A presidential candidate rally was shut down by protesters who loudly celebrated the fact that they had been successful in preventing the candidate from speaking to his supporters.
The candidate was Donald Trump, a man who has done his share of shutting down speech, so to many it seemed only fair.
People, both left and right, are appalled at this candidate. He seems almost the antithesis of everything most of us think America stands for — tolerance, fairness and the striving for equality.
Even his opponents in the GOP race are finding it harder and harder to say that they will support him should he win the nomination — even as that eventuality becomes increasingly clearer.
So why not shut him down, end the speech that so many find disturbing?
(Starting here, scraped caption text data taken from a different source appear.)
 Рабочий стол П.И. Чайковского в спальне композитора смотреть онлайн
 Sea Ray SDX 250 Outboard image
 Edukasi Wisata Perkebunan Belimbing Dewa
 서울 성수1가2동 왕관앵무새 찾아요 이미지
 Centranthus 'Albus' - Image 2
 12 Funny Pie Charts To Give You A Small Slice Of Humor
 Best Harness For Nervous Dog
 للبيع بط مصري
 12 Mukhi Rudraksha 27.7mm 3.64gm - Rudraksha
Because of this:
Amendment I to the Constitution of the United States of America
“Congress shall make no law respecting an establishment of religion or prohibiting the free exercise thereof; or abridging the freedom speech of the press or the right of the people peaceably to assemble, and to petition the Government for a redress of grievances.”
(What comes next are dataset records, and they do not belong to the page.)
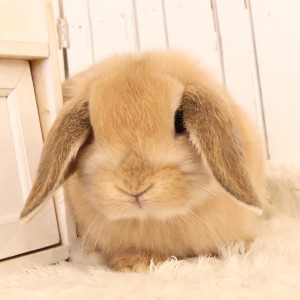 ホーランドロップ　オレンジ（W49）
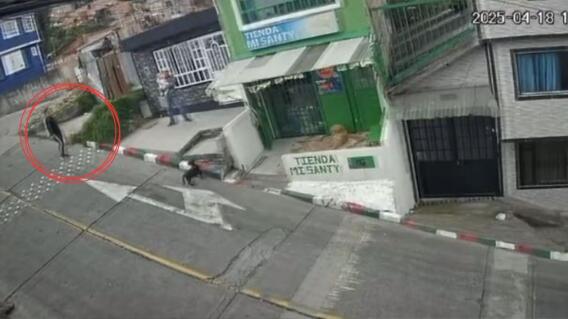 Mujer patea a un perro sin motivo aparente Mujer patea a un perro sin motivo aparente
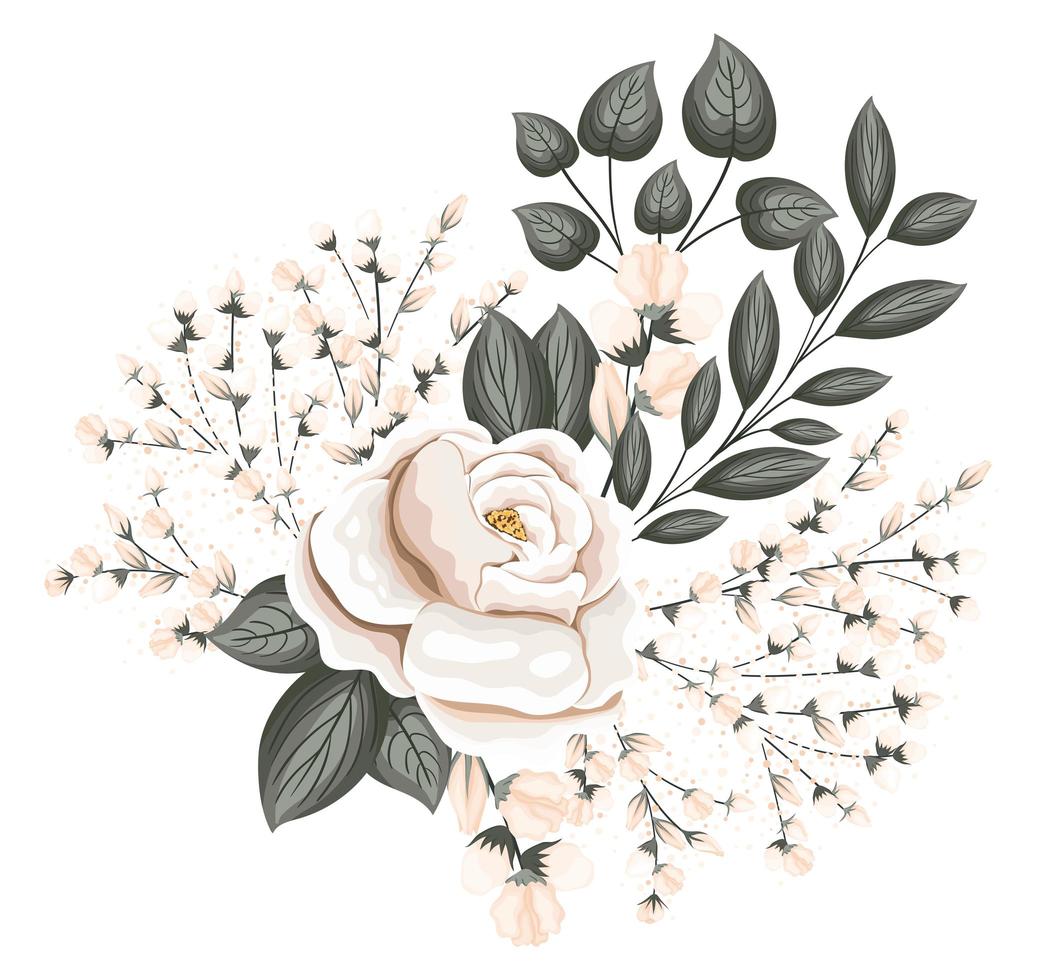 flor rosa blanca con capullos y hojas de pintura vector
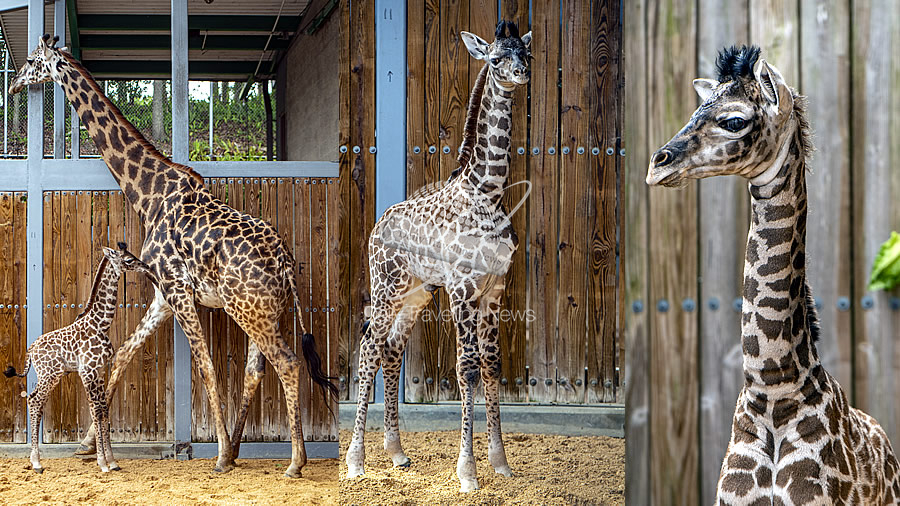 -Walt Disney World Resort dio la bienvenida a un bebe jirafa-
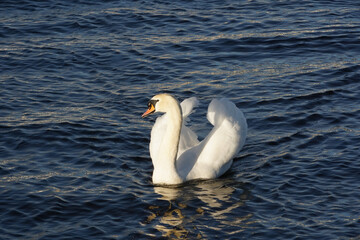 Naklejka premium Swans in Claddagh basin Galway
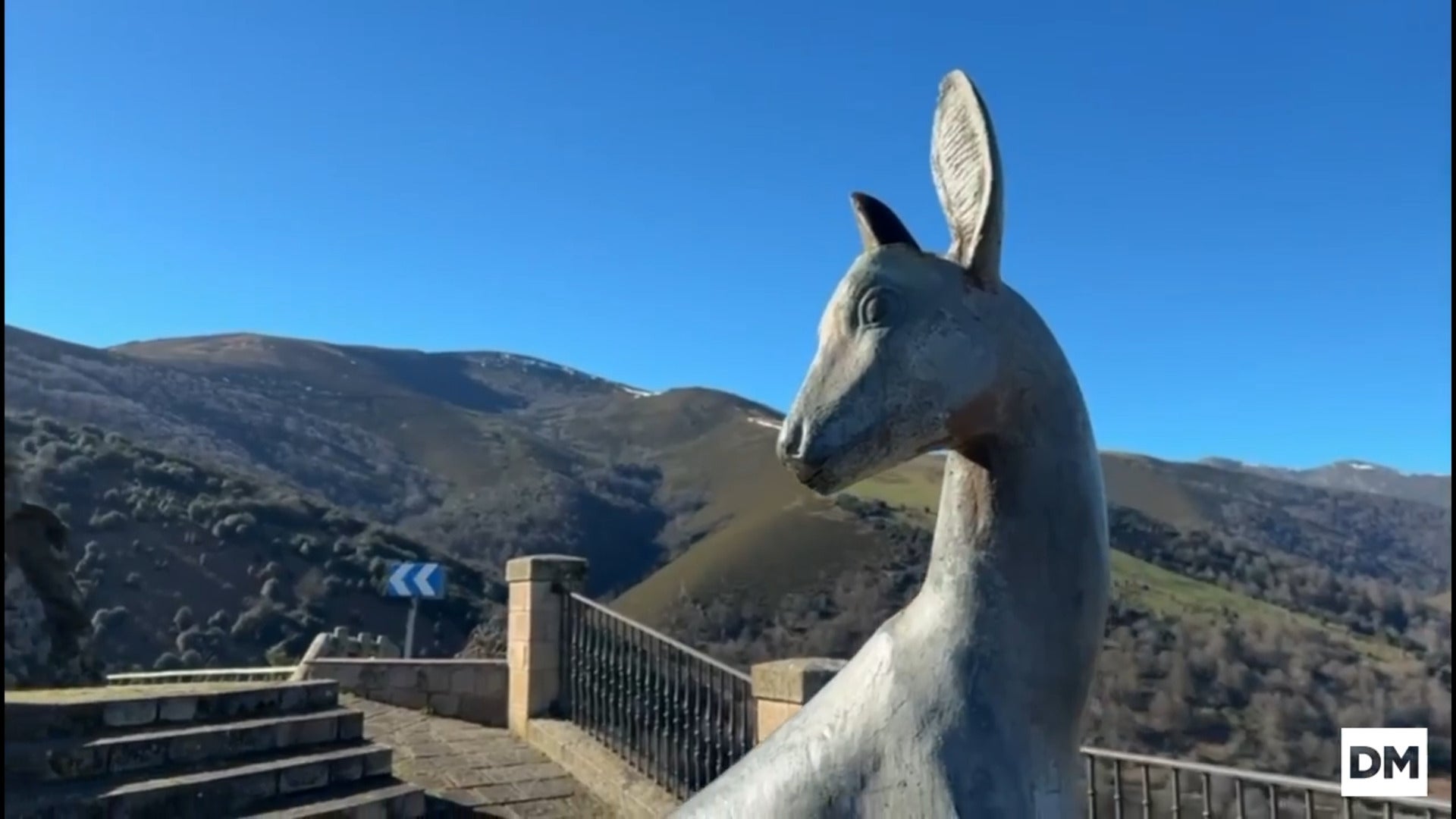 Arrancan los cuernos al corzo del mirador de La Cardosa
What the protesters failed to understand, and what Trump fails to practice, is that free speech is a two-way street. Not only do you have the right to speak — that right must be extended to everyone you disagree with, or you will surely lose it for yourself.
But Trump is promoting violence. We should shut that down, shouldn’t we? As his followers are discovering, violence carries its own consequences. There is now a supporter still in jail for assault on a protester, and his own campaign manager may face battery charges.
Natural consequences will soon put a stop to those threats. There is no need to shut him down.
It’s not much of a stretch to say that we have never seen a political campaign quite like this one. Even Chicago in 1968 seems almost quaint by comparison. Whoever we support, whichever side of the political spectrum we fall on, all of us must keep in mind what this country was founded on, and that free speech is the bedrock of it all.
The primaries move West now. Let us hope that every voice will be heard.
Anderson, of Farmington, is a past Democratic Party county officer and member of the party’s state central committee. She has been active in several political campaigns. Today she follows politics avidly as a concerned citizen.